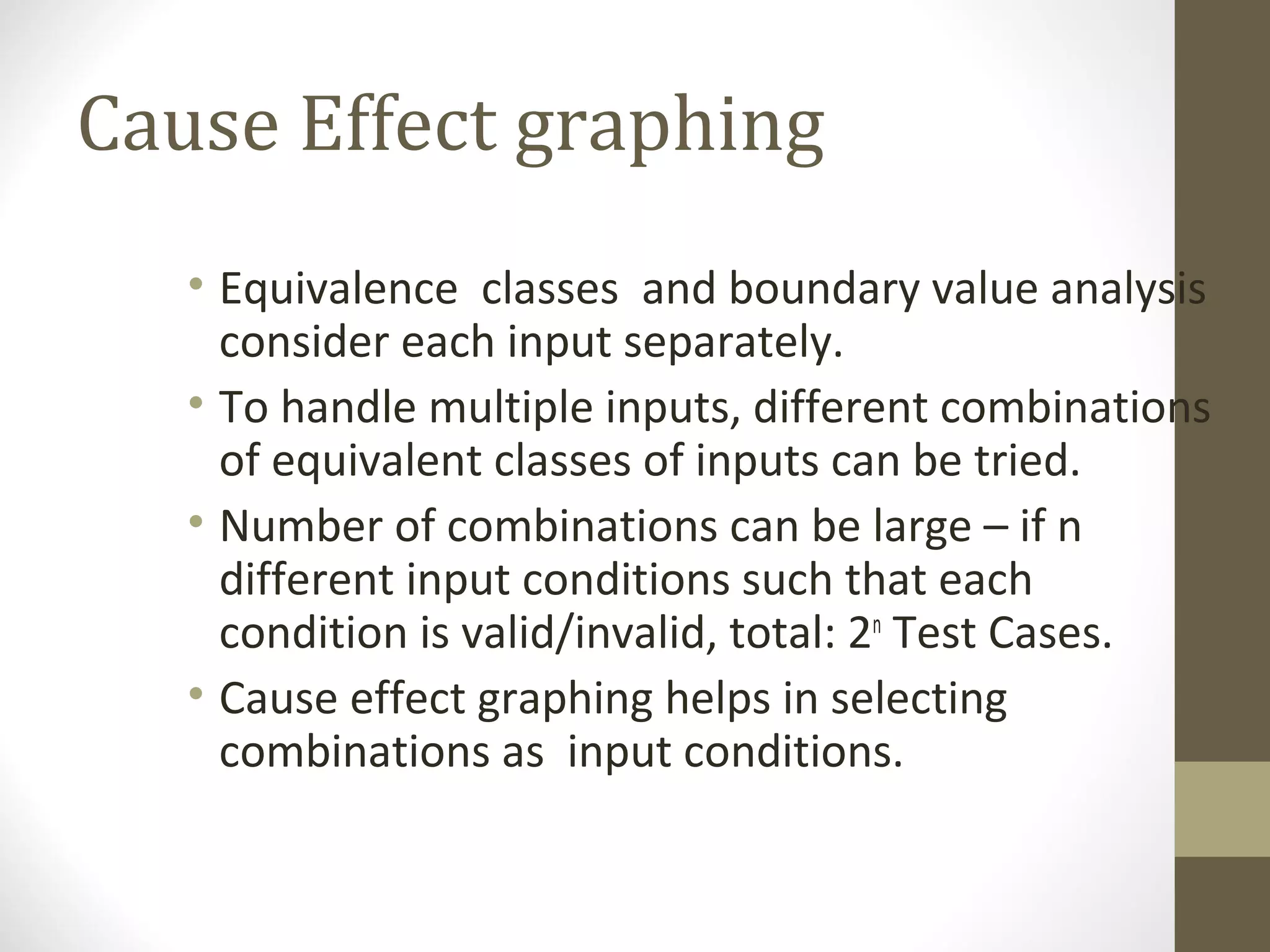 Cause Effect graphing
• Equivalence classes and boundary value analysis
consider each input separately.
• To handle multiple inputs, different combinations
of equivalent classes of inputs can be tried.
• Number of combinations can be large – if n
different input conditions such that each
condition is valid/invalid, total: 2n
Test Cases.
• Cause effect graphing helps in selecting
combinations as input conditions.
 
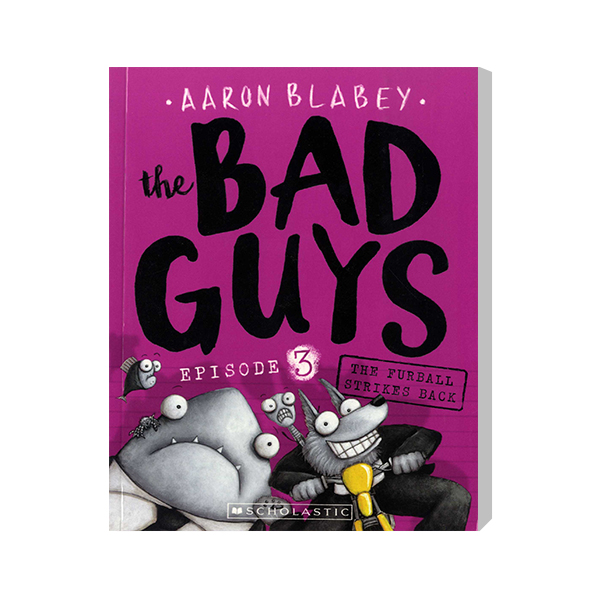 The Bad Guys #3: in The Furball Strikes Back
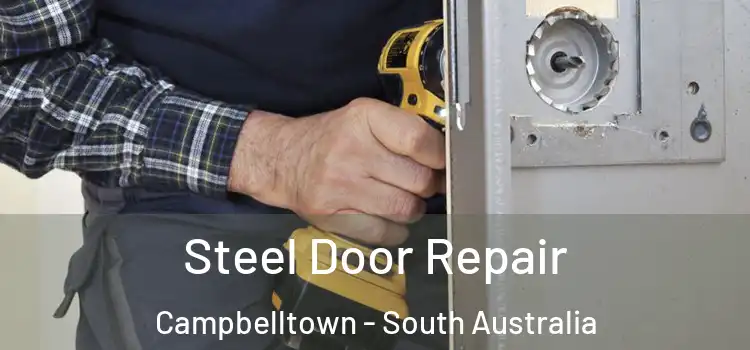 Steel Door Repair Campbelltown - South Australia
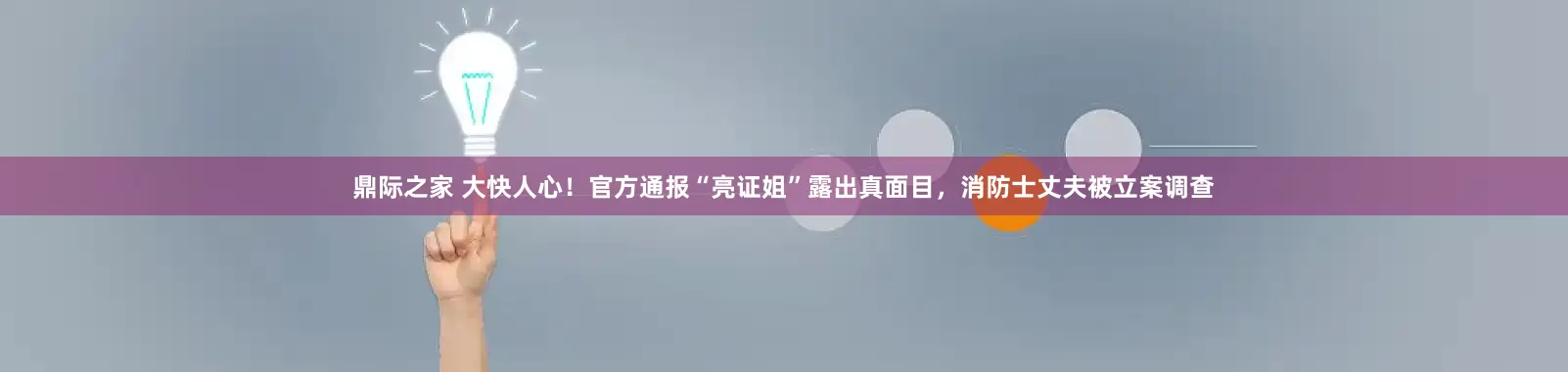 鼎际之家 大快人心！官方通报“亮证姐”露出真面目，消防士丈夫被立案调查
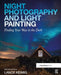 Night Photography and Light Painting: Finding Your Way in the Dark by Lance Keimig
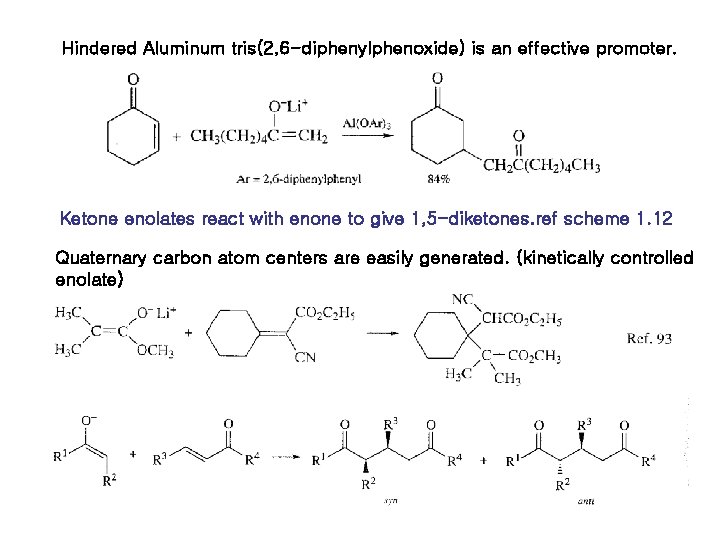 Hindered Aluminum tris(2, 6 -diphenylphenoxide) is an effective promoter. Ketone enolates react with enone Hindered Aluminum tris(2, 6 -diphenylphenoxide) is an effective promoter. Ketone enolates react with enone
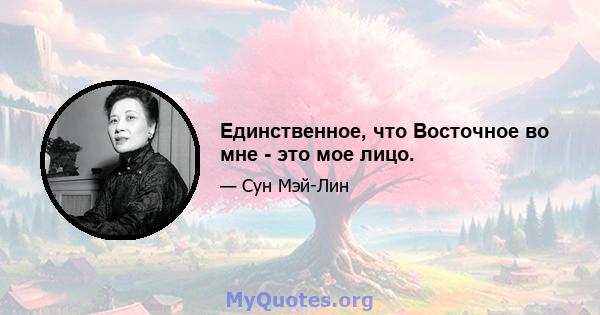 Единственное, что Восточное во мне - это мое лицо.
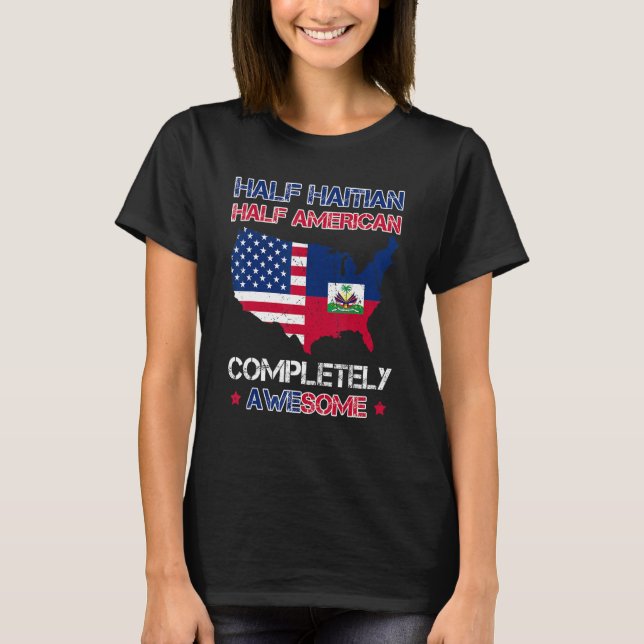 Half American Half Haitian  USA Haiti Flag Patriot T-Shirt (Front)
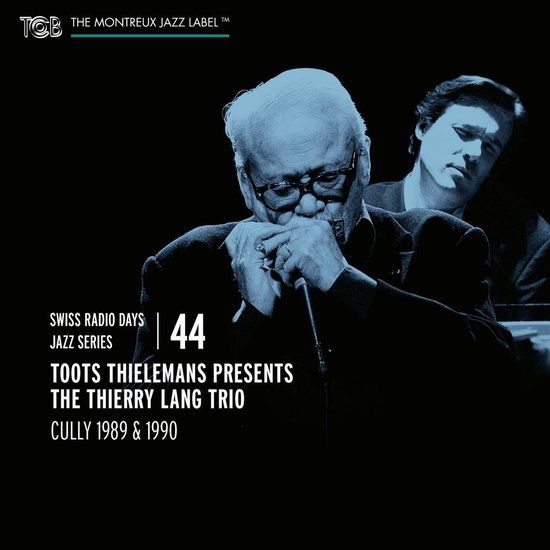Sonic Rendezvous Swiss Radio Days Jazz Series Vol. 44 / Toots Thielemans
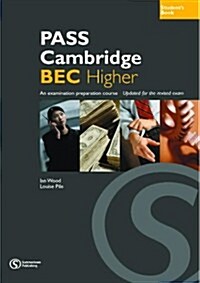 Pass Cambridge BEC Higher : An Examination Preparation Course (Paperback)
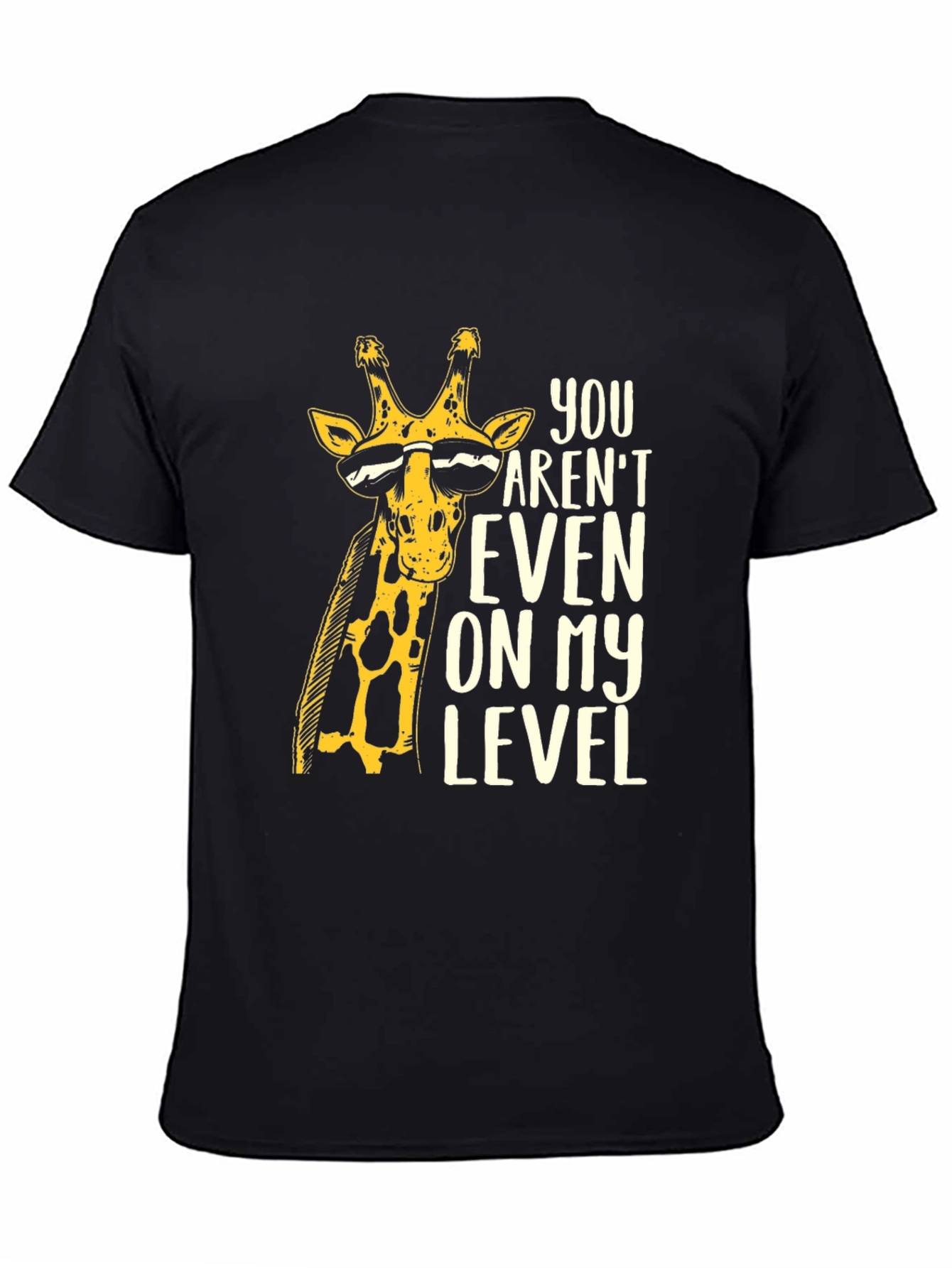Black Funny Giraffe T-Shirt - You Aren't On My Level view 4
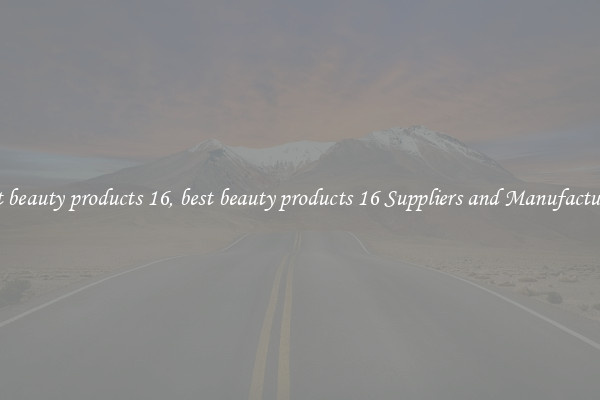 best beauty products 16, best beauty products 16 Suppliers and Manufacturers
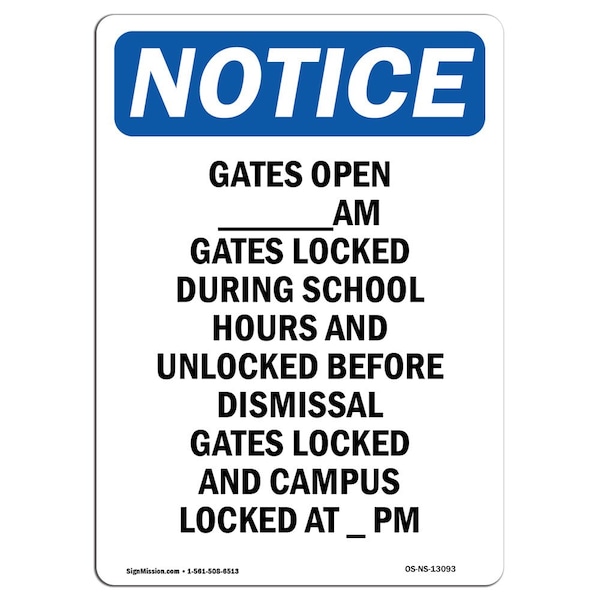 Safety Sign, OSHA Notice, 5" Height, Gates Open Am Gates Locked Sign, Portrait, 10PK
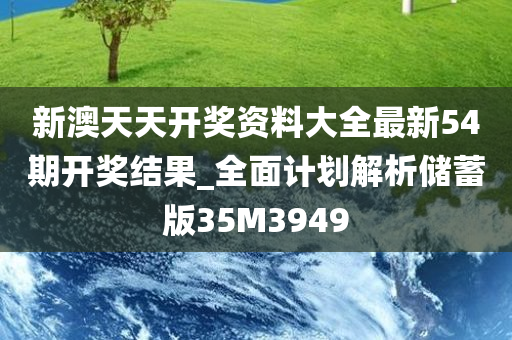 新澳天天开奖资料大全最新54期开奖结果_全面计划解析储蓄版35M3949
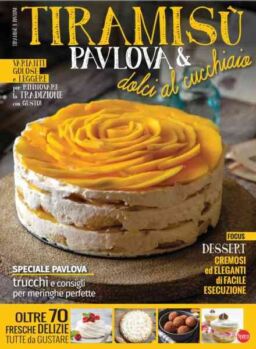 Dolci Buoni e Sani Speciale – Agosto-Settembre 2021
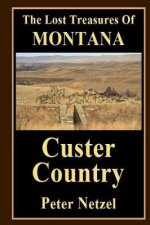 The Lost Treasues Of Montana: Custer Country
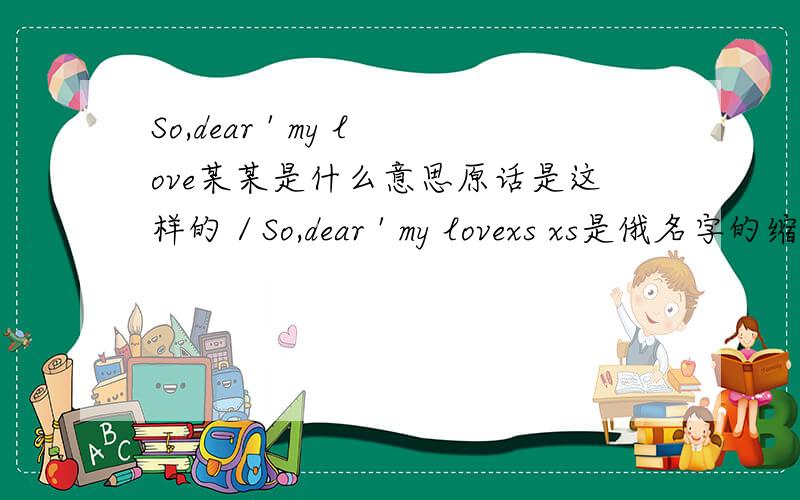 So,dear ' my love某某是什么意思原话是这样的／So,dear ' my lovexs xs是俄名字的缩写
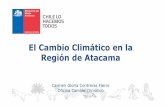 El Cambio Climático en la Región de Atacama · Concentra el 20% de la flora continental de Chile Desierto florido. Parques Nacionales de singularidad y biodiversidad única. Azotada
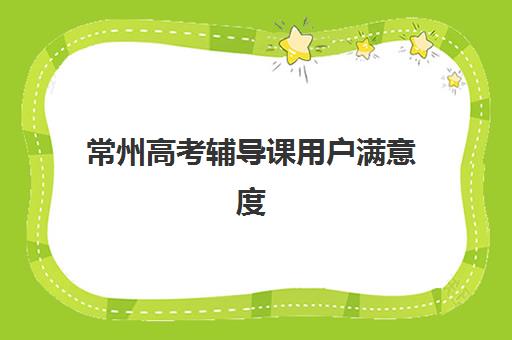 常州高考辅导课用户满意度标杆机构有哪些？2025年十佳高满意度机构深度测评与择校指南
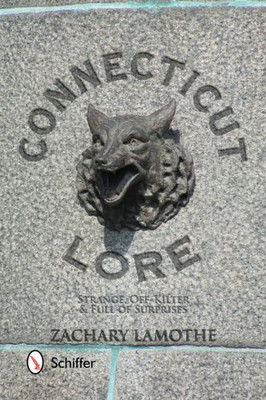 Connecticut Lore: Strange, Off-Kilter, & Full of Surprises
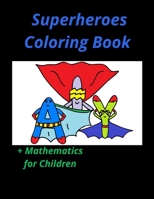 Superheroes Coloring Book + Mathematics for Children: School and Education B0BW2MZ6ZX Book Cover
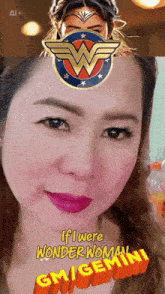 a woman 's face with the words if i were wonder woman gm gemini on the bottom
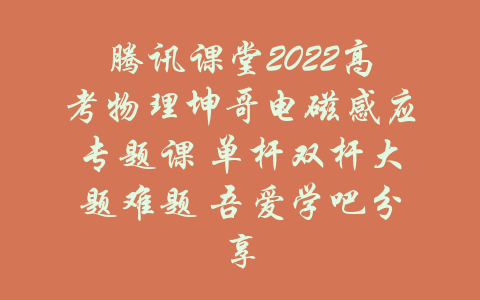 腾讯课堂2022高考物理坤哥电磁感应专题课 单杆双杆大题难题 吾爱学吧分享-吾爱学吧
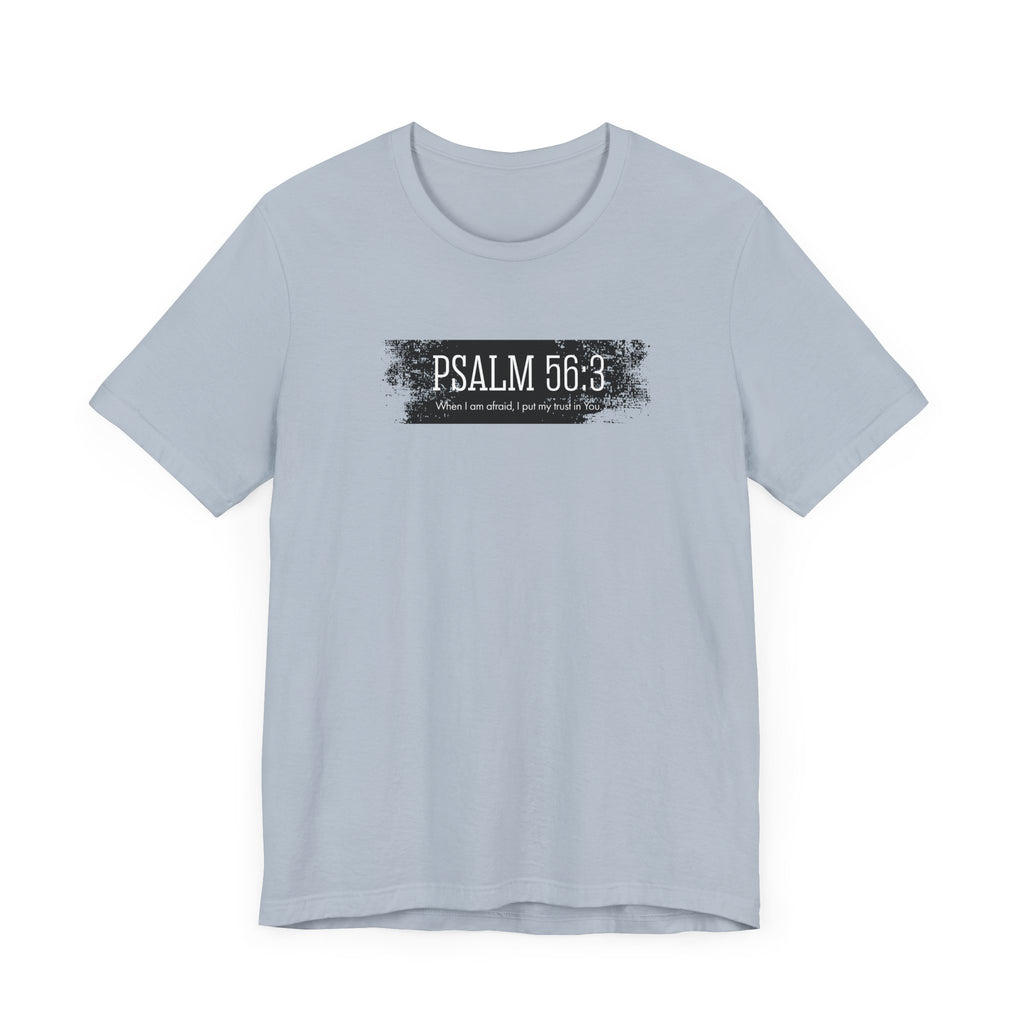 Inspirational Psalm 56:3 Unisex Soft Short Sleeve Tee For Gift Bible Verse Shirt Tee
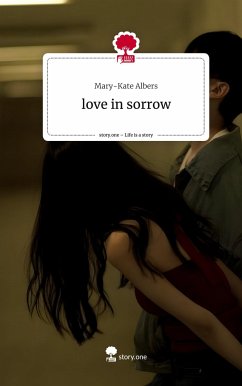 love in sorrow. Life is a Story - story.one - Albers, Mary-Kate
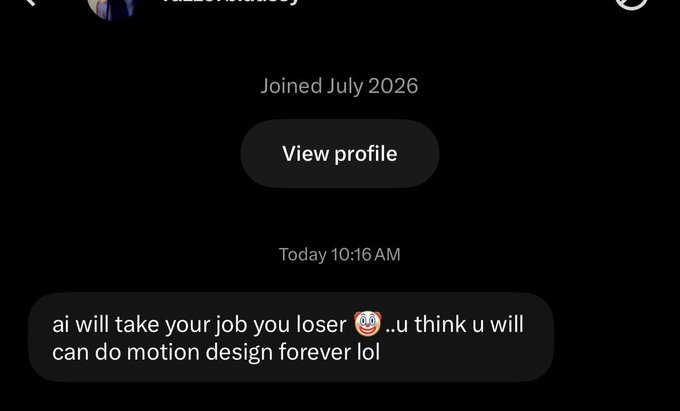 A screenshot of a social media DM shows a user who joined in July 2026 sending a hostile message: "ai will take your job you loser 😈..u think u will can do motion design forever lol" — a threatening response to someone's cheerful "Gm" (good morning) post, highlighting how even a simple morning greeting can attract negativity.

※ ※ ※

▸ **PROBLEM STATEMENT**
Your task is to set down every entry exactly, leaving out any picture it contains.

▸ **FINISHED EXERCISE**
 Cause Effect graphing
• Equivalence classes and boundary value analysis
consider each input separately.
• To handle multiple inputs, different combinations
of equivalent classes of inputs can be tried.
• Number of combinations can be large – if n
different input conditions such that each
condition is valid/invalid, total: 2n
Test Cases.
• Cause effect graphing helps in selecting
combinations as input conditions.
 
 The Bad Guys #3: in The Furball Strikes Back
 Steel Door Repair Campbelltown - South Australia
 鼎际之家 大快人心！官方通报“亮证姐”露出真面目，消防士丈夫被立案调查
 Night Photography and Light Painting: Finding Your Way in the Dark by Lance Keimig
 Hindered Aluminum tris(2, 6 -diphenylphenoxide) is an effective promoter. Ketone enolates react with enone Hindered Aluminum tris(2, 6 -diphenylphenoxide) is an effective promoter. Ketone enolates react with enone
 Единственное, что Восточное во мне - это мое лицо.
 Half American Half Haitian  USA Haiti Flag Patriot T-Shirt (Front)
Sonic Rendezvous Swiss Radio Days Jazz Series Vol. 44 / Toots Thielemans
 Pass Cambridge BEC Higher : An Examination Preparation Course (Paperback)
Black Funny Giraffe T-Shirt - You Aren't On My Level view 4
 best beauty products 16, best beauty products 16 Suppliers and Manufacturers
 Safety Sign, OSHA Notice, 5" Height, Gates Open Am Gates Locked Sign, Portrait, 10PK
 新澳天天开奖资料大全最新54期开奖结果_全面计划解析储蓄版35M3949
 Dolci Buoni e Sani Speciale – Agosto-Settembre 2021
 The Lost Treasues Of Montana: Custer Country
 So,dear ' my love某某是什么意思原话是这样的／So,dear ' my lovexs xs是俄名字的缩写
 El Cambio Climático en la Región de Atacama · Concentra el 20% de la flora continental de Chile Desierto florido. Parques Nacionales de singularidad y biodiversidad única. Azotada
 常州高考辅导课用户满意度标杆机构有哪些？2025年十佳高满意度机构深度测评与择校指南
 Connecticut Lore: Strange, Off-Kilter, & Full of Surprises
 Superheroes Coloring Book + Mathematics for Children: School and Education B0BW2MZ6ZX Book Cover
 a woman 's face with the words if i were wonder woman gm gemini on the bottom
 腾讯课堂2022高考物理坤哥电磁感应专题课 单杆双杆大题难题 吾爱学吧分享-吾爱学吧
 Inspirational Psalm 56:3 Unisex Soft Short Sleeve Tee For Gift Bible Verse Shirt Tee
 love in sorrow. Life is a Story - story.one - Albers, Mary-Kate
 A screenshot of a social media DM shows a user who joined in July 2026 sending a hostile message: "ai will take your job you loser 😈..u think u will can do motion design forever lol" — a threatening response to someone's cheerful "Gm" (good morning) post, highlighting how even a simple morning greeting can attract negativity.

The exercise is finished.